++++ DATA SECTION

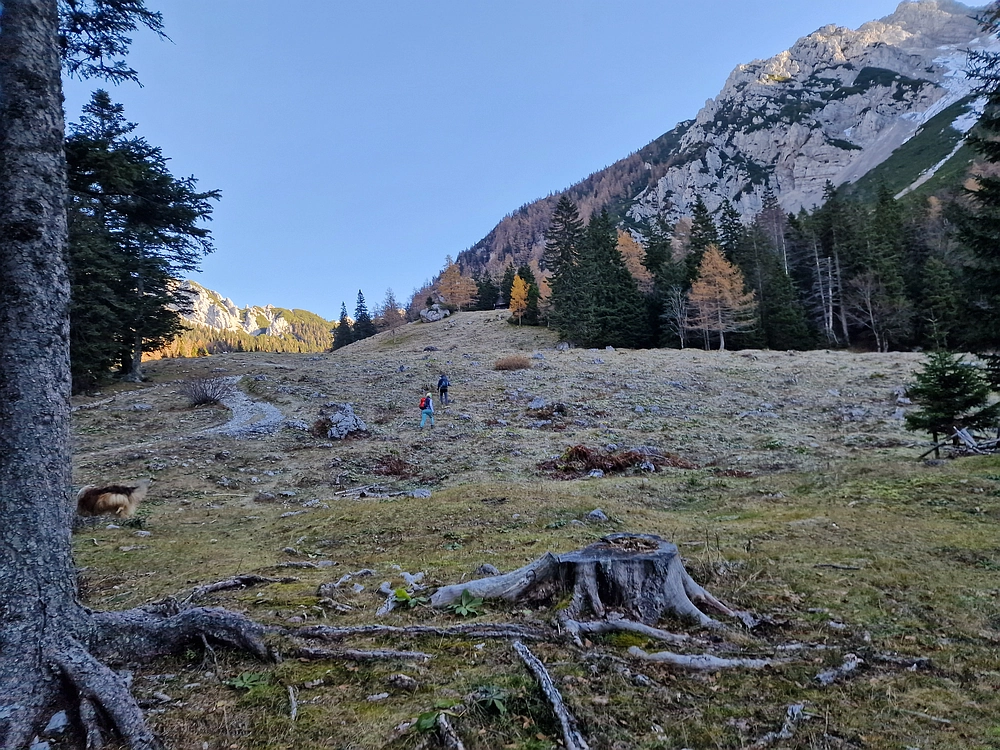 Srednji vrh, 9. 11. 2025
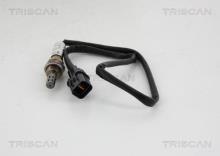 Triscan A/S 8845 43013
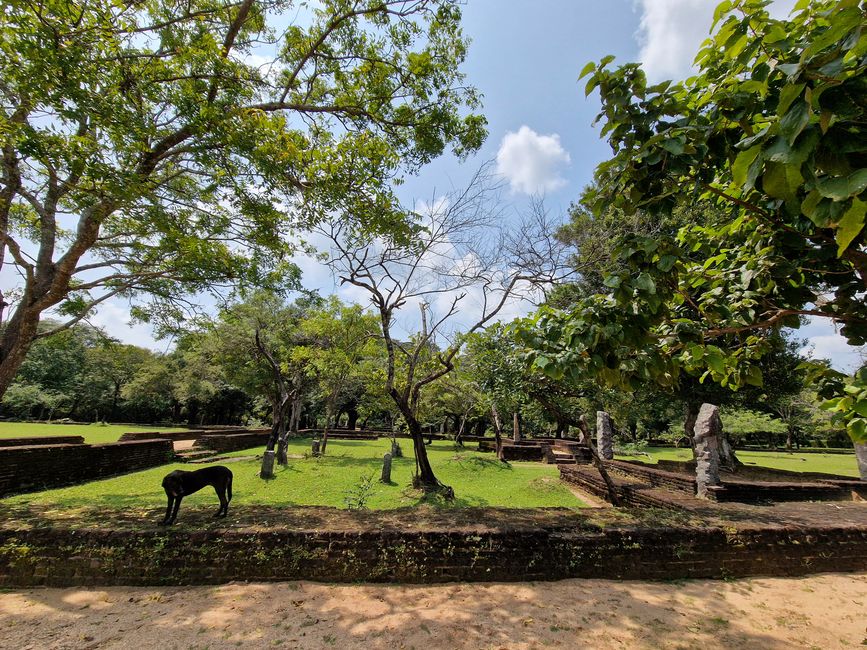 Polonnaruwa - 1000 años de historia y algo aprendido.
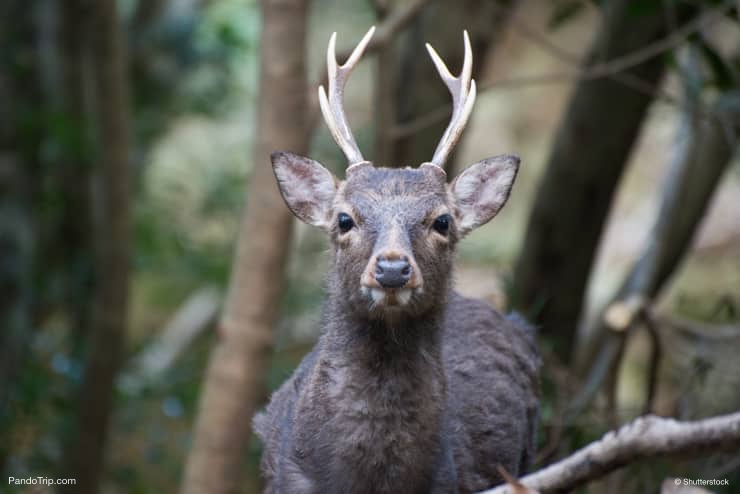 Yaku shika, japanese deer in Yakushima Island, Japan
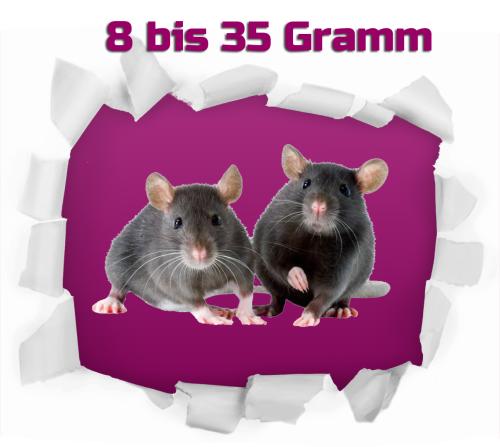 Mix-Maus 8-35g nur schwarz/braun 1,0 kg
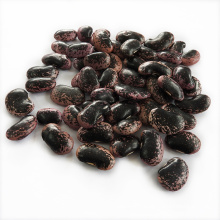 Wholesale big dark black market price kidney bean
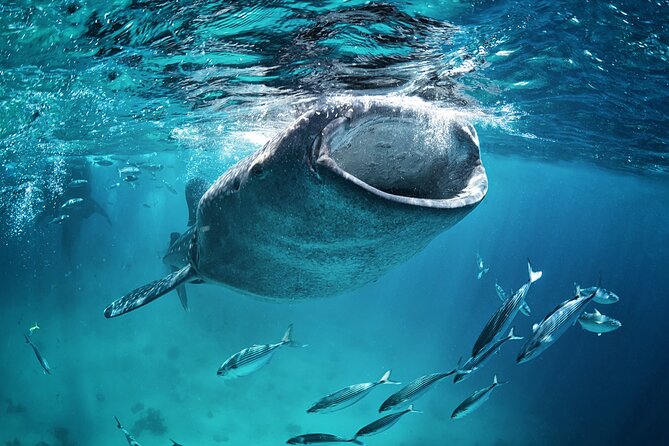 La Paz Whale Shark Snorkeling Tour and Lunch From Los Cabos - Price and value: what $259 is really paying for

++++++++

## TASK BRIEF:
Images in the data above are to be skipped. Retype all other material exactly.

## ANSWER:
 Srednji vrh, 9. 11. 2025
 Triscan A/S 8845 43013
 Polonnaruwa - 1000 años de historia y algo aprendido.
 Yaku shika, japanese deer in Yakushima Island, Japan
 Mix-Maus 8-35g nur schwarz/braun 1,0 kg
 Wholesale big dark black market price kidney bean
 La Paz Whale Shark Snorkeling Tour and Lunch From Los Cabos - Price and value: what $259 is really paying for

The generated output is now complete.